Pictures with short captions

++++++++++++++++++++

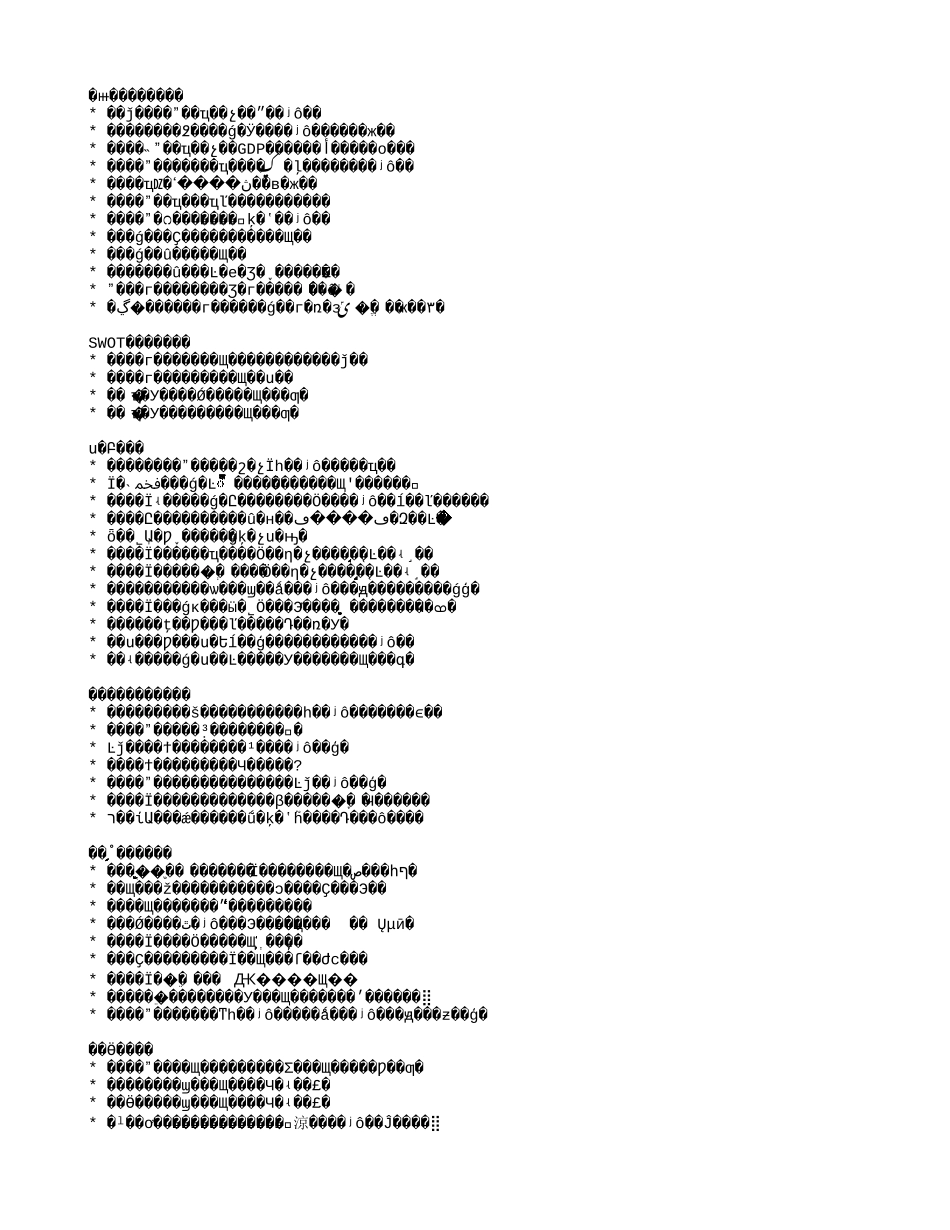冀东水泥张总访谈提纲txt.txt_第1页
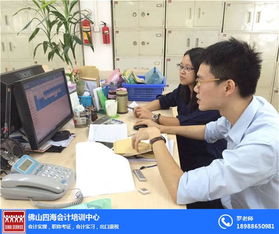 高明會計職稱培訓 四海文化技術賦能，開啟專業咨詢新篇章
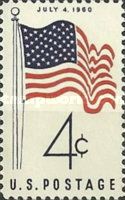 New United States Flag (50 stars)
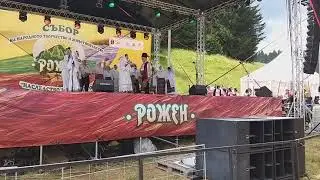Рожен / 2019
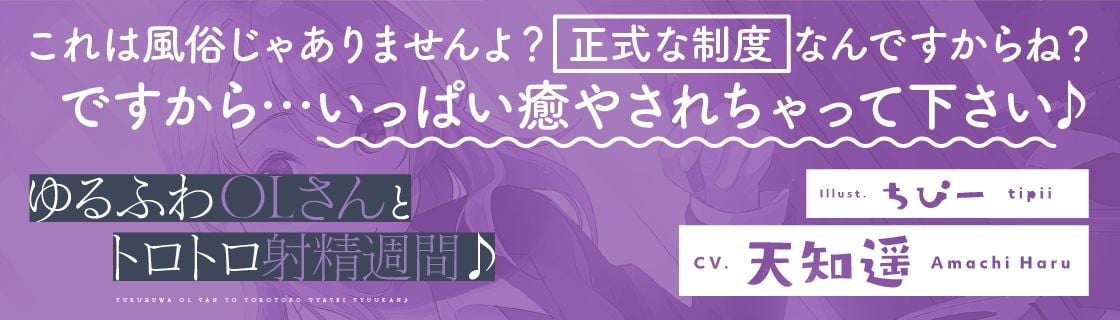 ゆるふわOLさんとトロトロ射精週間♪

++++++++++++++++++++

# What you should do
Transcribe the entries above verbatim, excluding any image.

# Your solution
冀东水泥张总访谈提纲txt.txt_第1页
 高明會計職稱培訓 四海文化技術賦能，開啟專業咨詢新篇章
 New United States Flag (50 stars)
Рожен / 2019
 ゆるふわOLさんとトロトロ射精週間♪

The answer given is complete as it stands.